TensorFlow Release 18.06
The NVIDIA container image of TensorFlow, release 18.06, is available.
Contents of TensorFlow
This container image contains the complete source of the version of NVIDIA TensorFlow in /opt/tensorflow
. It is pre-built and installed as a system Python module.
To achieve optimum TensorFlow performance, for image based training, the container includes a sample script that demonstrates efficient training of convolutional neural networks (CNNs). The sample script may need to be modified to fit your application. The container also includes the following:
- Ubuntu 16.04
Note:
Container image
18.06-py2
contains Python 2.7;18.06-py3
contains Python 3.5. - NVIDIA CUDA 9.0.176 (see Errata section and 2.1) including CUDA® Basic Linear Algebra Subroutines library™ (cuBLAS) 9.0.333 (see section 2.3.1)
- NVIDIA CUDA® Deep Neural Network library™ (cuDNN) 7.1.4
- NCCL 2.2.13 (optimized for NVLink™ )
- Horovod™ 0.12.1
- OpenMPI™ 3.0.0
- TensorBoard 1.8.0
- MLNX_OFED 3.4
- OpenSeq2Seq v0.2 at commit a4f627e
- TensorRT 4.0.1
Driver Requirements
Release 18.06 is based on CUDA 9, which requires NVIDIA Driver release 384.xx.
Key Features and Enhancements
This TensorFlow release includes the following key features and enhancements.
- TensorFlow container image version 18.06 is based on TensorFlow 1.8.0.
- Updated scripts and README in
nvidia-examples/cnn/
to use cleaner implementation with high-level TensorFlow APIs including Datasets, Layers, and Estimators. Multi-GPU support in these scripts is now provided exclusively using Horovod/MPI. - Fixed incorrect network definition in
resnet18
andresnet34
models innvidia-examples/cnn/
. - Updated scripts and README in
nvidia-examples/build_imagenet_data/
to improve usability and ensure that the dataset is correctly downloaded and resized. - Added support for TensorRT 4 features to TensorFlow-TensorRT integration.

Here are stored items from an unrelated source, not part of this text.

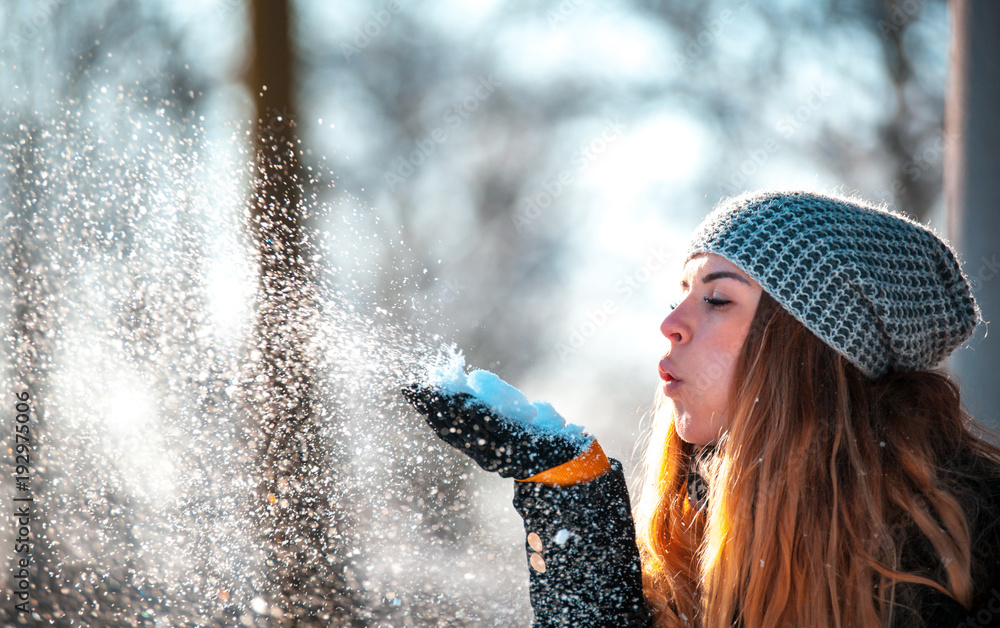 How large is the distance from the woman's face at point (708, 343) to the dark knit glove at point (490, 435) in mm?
355

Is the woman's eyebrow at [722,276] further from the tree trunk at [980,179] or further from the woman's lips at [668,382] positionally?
the tree trunk at [980,179]

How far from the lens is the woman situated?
145 centimetres

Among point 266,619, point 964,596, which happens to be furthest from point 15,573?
point 964,596

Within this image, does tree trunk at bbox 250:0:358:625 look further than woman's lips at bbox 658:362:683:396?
Yes

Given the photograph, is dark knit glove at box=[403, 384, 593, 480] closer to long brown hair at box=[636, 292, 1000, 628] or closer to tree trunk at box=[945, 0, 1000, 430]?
long brown hair at box=[636, 292, 1000, 628]

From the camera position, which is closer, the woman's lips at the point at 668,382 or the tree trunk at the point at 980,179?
the woman's lips at the point at 668,382

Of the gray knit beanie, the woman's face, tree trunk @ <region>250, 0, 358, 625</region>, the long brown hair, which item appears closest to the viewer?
the long brown hair

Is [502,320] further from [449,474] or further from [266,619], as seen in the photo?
[266,619]

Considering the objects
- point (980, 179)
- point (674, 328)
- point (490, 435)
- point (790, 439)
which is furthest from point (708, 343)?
point (980, 179)

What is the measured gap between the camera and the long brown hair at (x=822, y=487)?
1.39m

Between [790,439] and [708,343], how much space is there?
0.32 meters

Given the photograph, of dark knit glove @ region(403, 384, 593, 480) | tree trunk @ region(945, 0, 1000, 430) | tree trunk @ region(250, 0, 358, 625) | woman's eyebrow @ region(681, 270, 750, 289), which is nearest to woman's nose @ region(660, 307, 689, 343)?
woman's eyebrow @ region(681, 270, 750, 289)

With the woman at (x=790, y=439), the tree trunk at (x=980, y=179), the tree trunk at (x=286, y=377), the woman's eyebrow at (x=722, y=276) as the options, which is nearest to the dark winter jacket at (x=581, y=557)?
the woman at (x=790, y=439)

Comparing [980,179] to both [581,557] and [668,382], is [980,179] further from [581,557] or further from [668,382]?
[581,557] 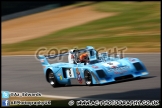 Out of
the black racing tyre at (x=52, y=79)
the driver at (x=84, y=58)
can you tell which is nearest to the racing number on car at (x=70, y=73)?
the driver at (x=84, y=58)

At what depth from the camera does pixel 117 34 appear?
88.1 feet

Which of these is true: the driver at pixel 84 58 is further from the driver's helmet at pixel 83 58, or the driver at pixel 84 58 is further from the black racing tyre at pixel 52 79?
the black racing tyre at pixel 52 79

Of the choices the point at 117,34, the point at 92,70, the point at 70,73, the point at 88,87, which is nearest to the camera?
the point at 92,70

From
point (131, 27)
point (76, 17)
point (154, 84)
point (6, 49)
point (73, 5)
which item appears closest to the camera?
point (154, 84)

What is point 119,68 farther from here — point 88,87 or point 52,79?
point 52,79

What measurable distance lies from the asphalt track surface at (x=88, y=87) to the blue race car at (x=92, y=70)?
186 millimetres

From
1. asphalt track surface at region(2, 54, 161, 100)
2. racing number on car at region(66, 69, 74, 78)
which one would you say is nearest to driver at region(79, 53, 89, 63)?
racing number on car at region(66, 69, 74, 78)

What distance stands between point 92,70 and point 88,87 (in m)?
0.51

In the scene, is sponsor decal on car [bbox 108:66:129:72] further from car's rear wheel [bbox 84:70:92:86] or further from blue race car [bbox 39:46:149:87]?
car's rear wheel [bbox 84:70:92:86]

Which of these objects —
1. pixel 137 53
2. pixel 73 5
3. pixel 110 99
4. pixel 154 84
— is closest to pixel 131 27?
pixel 137 53

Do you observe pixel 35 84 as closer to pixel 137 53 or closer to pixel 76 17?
pixel 137 53

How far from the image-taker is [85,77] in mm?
13523

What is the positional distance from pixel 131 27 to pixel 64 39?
3886 millimetres

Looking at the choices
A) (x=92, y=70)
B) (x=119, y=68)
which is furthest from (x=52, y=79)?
(x=119, y=68) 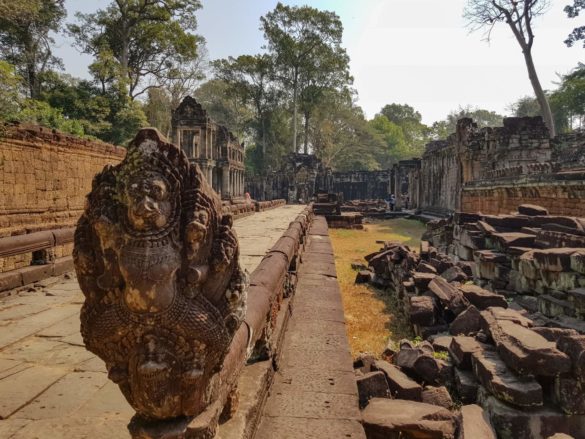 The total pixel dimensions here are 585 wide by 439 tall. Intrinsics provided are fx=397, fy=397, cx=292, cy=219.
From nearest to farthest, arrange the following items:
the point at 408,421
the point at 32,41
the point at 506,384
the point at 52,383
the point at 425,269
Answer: the point at 52,383 < the point at 408,421 < the point at 506,384 < the point at 425,269 < the point at 32,41

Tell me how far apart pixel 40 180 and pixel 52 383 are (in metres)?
5.05

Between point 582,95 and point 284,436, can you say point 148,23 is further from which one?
point 582,95

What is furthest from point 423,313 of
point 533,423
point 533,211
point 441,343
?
point 533,211

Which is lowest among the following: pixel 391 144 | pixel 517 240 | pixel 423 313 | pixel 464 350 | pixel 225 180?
pixel 423 313

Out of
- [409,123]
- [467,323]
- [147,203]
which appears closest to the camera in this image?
[147,203]

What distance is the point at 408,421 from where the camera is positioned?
2.40 metres

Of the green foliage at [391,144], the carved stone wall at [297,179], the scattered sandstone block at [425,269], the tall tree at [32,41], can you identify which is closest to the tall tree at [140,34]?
the tall tree at [32,41]

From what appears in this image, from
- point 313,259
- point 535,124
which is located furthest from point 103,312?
point 535,124

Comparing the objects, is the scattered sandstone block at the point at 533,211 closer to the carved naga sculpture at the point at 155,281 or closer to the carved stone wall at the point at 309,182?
the carved naga sculpture at the point at 155,281

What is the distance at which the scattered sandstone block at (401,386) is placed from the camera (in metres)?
2.88

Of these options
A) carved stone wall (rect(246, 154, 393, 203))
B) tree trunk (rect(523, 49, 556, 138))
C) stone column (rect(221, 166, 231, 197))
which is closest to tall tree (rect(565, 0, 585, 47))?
tree trunk (rect(523, 49, 556, 138))

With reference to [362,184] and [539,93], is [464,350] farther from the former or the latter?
[362,184]

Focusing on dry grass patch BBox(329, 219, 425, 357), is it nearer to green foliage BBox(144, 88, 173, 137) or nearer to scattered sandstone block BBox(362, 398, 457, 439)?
scattered sandstone block BBox(362, 398, 457, 439)

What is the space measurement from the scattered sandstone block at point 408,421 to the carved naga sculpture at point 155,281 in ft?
4.63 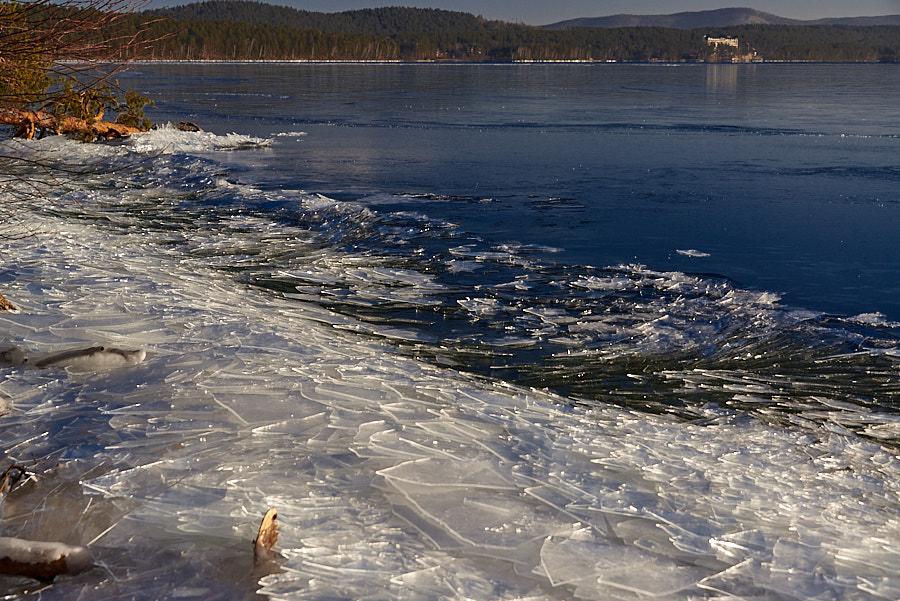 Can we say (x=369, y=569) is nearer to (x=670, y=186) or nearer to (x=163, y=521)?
(x=163, y=521)

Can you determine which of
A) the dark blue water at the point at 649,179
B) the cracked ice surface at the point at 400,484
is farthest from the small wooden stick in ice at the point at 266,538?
the dark blue water at the point at 649,179

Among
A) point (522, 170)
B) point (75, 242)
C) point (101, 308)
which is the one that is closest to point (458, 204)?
point (522, 170)

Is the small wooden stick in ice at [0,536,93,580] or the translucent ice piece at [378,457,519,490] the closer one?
the small wooden stick in ice at [0,536,93,580]

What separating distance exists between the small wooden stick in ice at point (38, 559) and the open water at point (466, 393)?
0.06m

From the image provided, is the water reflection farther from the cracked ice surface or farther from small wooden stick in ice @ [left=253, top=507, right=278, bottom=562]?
small wooden stick in ice @ [left=253, top=507, right=278, bottom=562]

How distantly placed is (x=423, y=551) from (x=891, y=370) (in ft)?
16.2

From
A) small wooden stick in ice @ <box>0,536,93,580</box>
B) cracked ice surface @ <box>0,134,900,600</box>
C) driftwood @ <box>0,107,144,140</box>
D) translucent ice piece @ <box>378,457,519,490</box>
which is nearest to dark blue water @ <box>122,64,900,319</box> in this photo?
cracked ice surface @ <box>0,134,900,600</box>

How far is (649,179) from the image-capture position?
640 inches

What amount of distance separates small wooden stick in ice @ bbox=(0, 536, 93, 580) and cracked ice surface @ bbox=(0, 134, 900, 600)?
74mm

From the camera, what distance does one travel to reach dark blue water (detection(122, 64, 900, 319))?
10.4 meters

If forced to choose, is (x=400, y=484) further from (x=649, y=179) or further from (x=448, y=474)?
(x=649, y=179)

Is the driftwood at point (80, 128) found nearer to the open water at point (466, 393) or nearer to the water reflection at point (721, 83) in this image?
the open water at point (466, 393)

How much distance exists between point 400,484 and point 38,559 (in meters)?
1.84

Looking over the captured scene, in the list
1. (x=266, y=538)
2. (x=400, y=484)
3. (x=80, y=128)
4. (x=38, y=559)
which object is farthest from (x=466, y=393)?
(x=80, y=128) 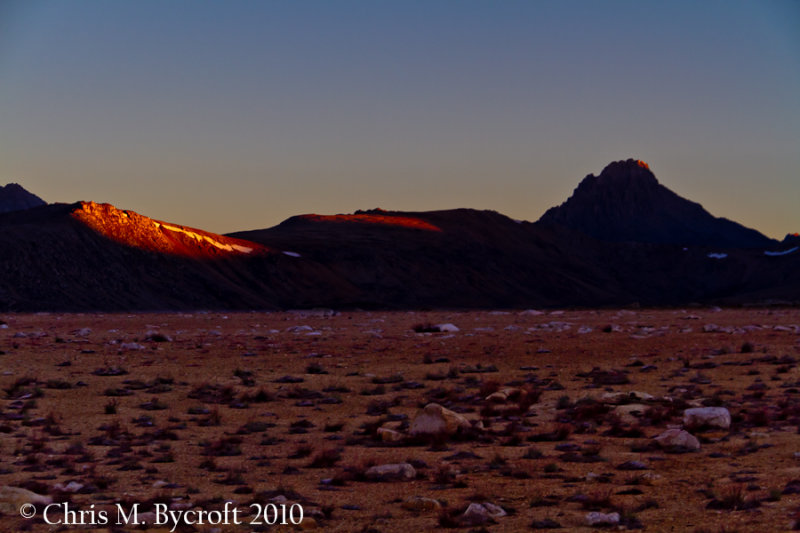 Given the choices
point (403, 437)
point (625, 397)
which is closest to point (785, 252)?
point (625, 397)

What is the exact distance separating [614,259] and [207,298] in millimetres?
84386

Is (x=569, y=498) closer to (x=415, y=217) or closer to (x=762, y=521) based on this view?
(x=762, y=521)

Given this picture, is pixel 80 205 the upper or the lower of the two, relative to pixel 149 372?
upper

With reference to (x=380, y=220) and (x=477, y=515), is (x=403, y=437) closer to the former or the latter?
(x=477, y=515)

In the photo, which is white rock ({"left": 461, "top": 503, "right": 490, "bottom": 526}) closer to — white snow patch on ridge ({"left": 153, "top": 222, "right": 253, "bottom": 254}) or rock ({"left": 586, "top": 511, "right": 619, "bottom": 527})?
rock ({"left": 586, "top": 511, "right": 619, "bottom": 527})

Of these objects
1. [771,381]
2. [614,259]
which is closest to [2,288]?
[771,381]

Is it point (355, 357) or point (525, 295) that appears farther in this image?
point (525, 295)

- Includes integration with TensorRT 4.0.1
- Optimized CPU bilinear image resize kernel to improve performance of input pipeline.
- Ubuntu 16.04 with May 2018 updates
Accelerating Inference In TensorFlow With TensorRT (TF-TRT)
For step-by-step instructions on how to use TF-TRT, see Accelerating Inference In TensorFlow With TensorRT User Guide.
- Key Features And Enhancements
-
-
Added TensorRT 4.0 API support with extended layer support. This support includes the FullyConnected layer and
BatchedMatMul
op. -
Resource management added, where memory allocation is uniformly managed by TensorFlow.
-
Bug fixes and better error handling in conversion.
-
- Limitations
-
-
TensorRT conversion relies on static shape inference, where the frozen graph should provide explicit dimension on all ranks other than the first batch dimension.
-
Batchsize for converted TensorRT engines are fixed at conversion time. Inference can only run with batchsize smaller than the specified number.
-
Current supported models are limited to CNNs. Object detection models and RNNs are not yet supported.
-
- Known Issues
-
-
Input tensors are required to have rank 4 for quantization mode (INT8 precision).
-
Announcements
Starting with the next major version of CUDA release, we will no longer provide updated Python 2 containers and will only update Python 3 containers.
Known Issues
There are no known issues in this release.